Congress established the Oil Spill Liability Trust Fund through the Omnibus Budget Reconciliation Act of 1986.2 To provide the requisite funding, Congress imposed the Federal Oil Spill Tax pursuant at a rate of nine cents per barrel.3 The Federal Oil Spill Tax provides three incidences of taxation. First, under IRC § 4611(a), the tax is imposed on crude oil when the crude oil is received at a United States refinery.4 Second, under IRC § 4611(a), the tax is imposed on petroleum products entered into the United States for consumption, use, or warehousing.5 Third, under IRC § 4611(b), the tax is imposed if any domestic crude is used or exported from the United States and no tax was previously imposed on such domestic crude under IRC § 4611(a).6
The taxpayer—an “independent commodity trading and logistics house”—filed a refund of the IRC § 4611(b) tax to recover tax-paid on crude oil produced in Texas, Louisiana, and North Dakota and exported from the United States.7 The taxpayer asserted that the imposition of the IRC § 4611(b) tax on its crude oil exports violated the Export Clause of the Constitution, which states: “No Tax or Duty shall be laid on Articles exported from any State.”8 The Government argued that the IRC § 4611(b) tax should be considered a user fee, which is a classification that United States Supreme Court precedent has determined to be an exception to the Export Clause’s prohibitions.9
Supreme Court Precedent—Tax v. user fee
The primary issue before the US District Court was “whether the taxes assessed on the oil exported by [taxpayer under IRC § 4611(b)] are unconstitutional taxes on exports or legitimate and constitutional user fees.”10 The US District Court focused on two cases of Supreme Court precedent—Pace v. Burgess11 and United States v. U.S. Shoe Corp.12—to craft the following two factors to determine whether a charge is a tax or a valid user fee:
- Whether the charge is determined based on its proportion to the quantity or value of the package.

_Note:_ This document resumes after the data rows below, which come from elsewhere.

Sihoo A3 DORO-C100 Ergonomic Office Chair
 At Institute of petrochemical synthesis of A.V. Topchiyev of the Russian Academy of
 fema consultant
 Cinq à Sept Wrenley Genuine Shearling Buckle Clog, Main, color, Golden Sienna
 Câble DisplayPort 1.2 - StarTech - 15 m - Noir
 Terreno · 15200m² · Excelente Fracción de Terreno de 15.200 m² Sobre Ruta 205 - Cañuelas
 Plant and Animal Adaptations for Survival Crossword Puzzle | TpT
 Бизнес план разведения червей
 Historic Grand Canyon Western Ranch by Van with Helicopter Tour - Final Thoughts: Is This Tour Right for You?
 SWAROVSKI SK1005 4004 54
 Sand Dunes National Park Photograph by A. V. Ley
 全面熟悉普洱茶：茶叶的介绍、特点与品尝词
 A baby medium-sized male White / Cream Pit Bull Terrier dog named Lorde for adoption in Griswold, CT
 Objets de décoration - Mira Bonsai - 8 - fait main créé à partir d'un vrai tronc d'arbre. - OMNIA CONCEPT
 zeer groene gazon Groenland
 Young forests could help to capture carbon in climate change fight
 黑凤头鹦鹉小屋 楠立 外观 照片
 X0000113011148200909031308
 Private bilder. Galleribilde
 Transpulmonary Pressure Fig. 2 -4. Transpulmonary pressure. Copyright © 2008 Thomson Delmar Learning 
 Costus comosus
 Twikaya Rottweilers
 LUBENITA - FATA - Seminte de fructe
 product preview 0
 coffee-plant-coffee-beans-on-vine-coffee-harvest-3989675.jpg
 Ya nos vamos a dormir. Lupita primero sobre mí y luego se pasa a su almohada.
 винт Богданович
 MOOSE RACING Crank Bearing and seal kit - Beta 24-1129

- Whether the charge is excessive or whether it fairly matches the exporter’s use of the services provided by the funds from the charge.13
In Pace, the Supreme Court upheld a federal stamp tax on tobacco that exempted exporters from the tobacco tax but imposed a requirement that tobacco exporters purchase stamps to affix to the exported tobacco.14 The Supreme Court determined that the stamp tax was a legitimate user fee on exporters due to—(1) the tax being predetermined and not based upon the value of the tobacco or the quantity of the tobacco, and (2) the necessity of the stamp tax to prevent fraud related to exported tobacco.15
In US Shoe, the Supreme Court applied its reasoning in Pace to rule that the federal Harbor Maintenance Tax violated the Export Clause. The Harbor Maintenance Tax in US Shoe was distinct from the tobacco stamp tax in Pace. First, the Harbor Maintenance Tax was wholly an ad valorem tax based on the value of commercial cargo moving through the nation’s ports.16 Second, the Supreme Court noted that the services provided to the exporters under the tax were unrelated to tax itself, because the frequency and manner of the port’s use has no impact on the tax since it was an ad valorem tax.17
The US District Court applied the two factors referenced above to evaluate the constitutional permissibility of the IRC § 4611(b) Oil Spill Tax.18 As to the first factor, the court articulated that the IRC § 4611(b) Oil Spill Tax is “determined based on its proportion to the quantity of oil exported” and is charged at a fixed statutory per-barrel rate.19 As such, the court determined that under the first factor, IRC § 4611(b) Oil Spill Tax, on its face, is a tax and not a legitimate user fee.20
The US District Court further ruled that the application of the second factor to the IRC § 4611(b) Oil Spill Tax suggests that the tax is not a legitimate user fee. That is, the US District Court found that for several reasons the IRC § 4611(b) Oil Spill Tax does not “fairly match the exporter’s use of the services provided by the funds raised from the charge.”21 The court reached this conclusion by emphasizing several points. First, the US District Court noted that the benefit that the taxpayer receives from the charges are used for objectives unrelated to any potential benefit derived from the taxpayer securing potential oil spill “insurance” (e.g., the Oil Spill Trust Fund appropriates money for oil spill technology and environmental studies).22 Second, the US District Court emphasized Congress’ deficiency in tailoring the IRC § 4611(b) Oil Spill Tax to “fairly match the exporters’ use of the government service.” For example, the Court referenced the taxpayer’s export of crude oil by truck from the United States would receive no benefit as the limitation from liability under the charge only applies to oil spills on water.23
Remedy for paying the tax imposed by IRC § 4611(b)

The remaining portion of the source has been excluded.